Mlle. Gouraud has always believed in equal rights for women. When she was sixteen years old and first interested herself in suffrage she was hooted and laughed at. Her first speech was delivered in the Place de la Concorde, in Paris, near the Seine. The crowd deserted her for the river bank to watch some boys' swimming races.

"I'll show them," said Mlle. Gouraud, and forthwith began swimming.

Eighteen months later she was the champion woman swimmer of France, and defeated many Belgian, Italian and German swimmers. Once interested in sports she speedily branched out and became a proficient amateur boxer. She put on the gloves with Frank Moran and Willie Lewis and Eugene Mattrot, and even Georges Carpentier, in exhibition bouts. Then motorcycling became popular, and after she learned the ways and habits of a gas engine she learned to fly and was brevetted.

The day all France was plastered with mobilization order notices Mlle. Gouraud gave up sports. She offered herself for the army, but even the influence of her uncle, Gen. Gouraud, was not enough to win her entree direct into active service. Instead she obtained the post of ambulance driver for a certain unit of aviators. But she was never satisfied with that and finally obtained permission to fly at the front but in a biplane machine, with a Frenchman as mitrailleuse operator.

And there came the rub. Machine gunners clamored for chances to go up with the men pilots, but all hung back at going up with Mlle. Gouraud. It was unlucky, they said, and beside they didn't want to be in on the deal if she persisted in risking her life when there were plenty of men for the job. Just as sailors of old were superstitious about women on board ship, so were the observers and machine gunners superstitious about having a woman in their airplane. And they tried to prove their point by citing the fact that in the burned wreckage of the first Zeppelin brought down inside the French lines were the feet of an incinerated body clad in filmy silk stockings and tiny black satin slippers.
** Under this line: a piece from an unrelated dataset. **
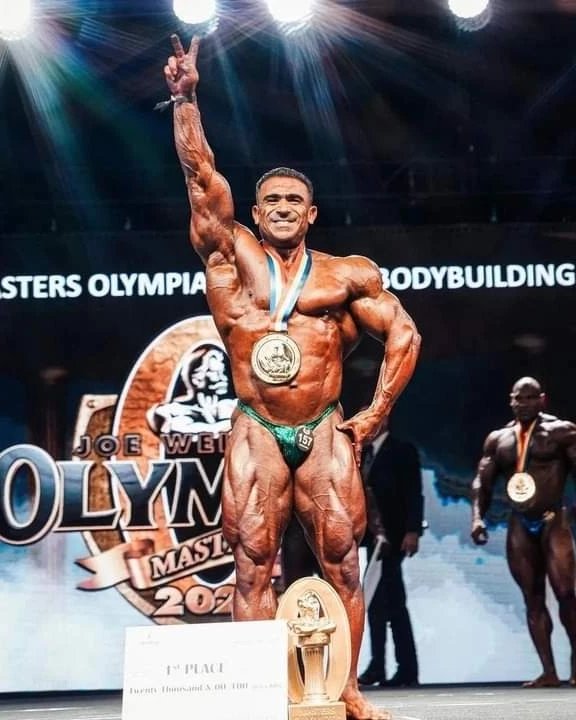 KAMAL ELGARGNI VINCE I MASTERS OLYMPIA 2023 NELLA CATEGORIA MEN'S OPEN BODYBUILDING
But Mlle. Gouraud stuck to aviation, hoping eventually to persuade some machine gunner to be her team mate and at the same time trying to find another girl who would enter the service with her, until the French Army created its "tank" corps. Then she lost no time in setting to work for a transfer to that arm of the service.

The order for "V. Gouraud" to join the "tanks" was finally put through and she went off to their base, behind the Champagne front, between Soissons and Rheims, thankful at last that she had won a berth in the newest and most dangerous and most exciting and the least understood and most interesting department of the army.
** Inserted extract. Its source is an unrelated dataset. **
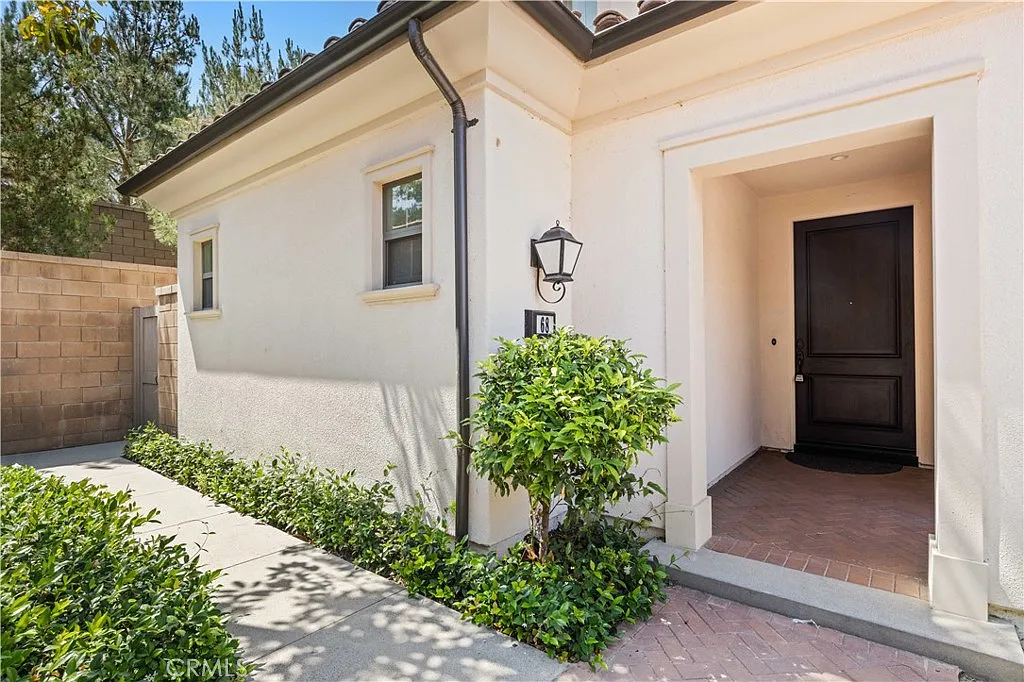 4 bed, 2246 sqft, $5,850 — Photo 3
That was only a couple of weeks before Gen. Nivelle's great offensive was unleashed in the middle of April. It was just about the time that Lieut. Charles G. Sweeny of San Francisco and West Point, the only commissioned American in the French infantry, gave up his post in charge of a squadron of "tanks" to return to the United States and offer his services to the United States Army.

The first week of Mlle. Gouraud's training was easy and delightful to her. Inside the steel walls of the mobile fortress she learned to swing the little three-pounders and to operate the cartridge belts of the machine guns that bristled from all sides of the armored car. She learned how to sight through the periscopes projecting from the roof and sides to see the way and the enemy, and all the other routine work of the "tank's" crew.

But the second week, when she began her training in a "tank," spelled her undoing. The walls and the roof of the "tank" are covered with leather upholstery, and every projecting bit of mechanism and artillery in the little chamber was also cushioned with leather, because as the great steel fort plunged forward across shell craters and over trenches and up and down great piles of debris—which had once been French villages—the occupants were tossed about inside like ashes in a sifter.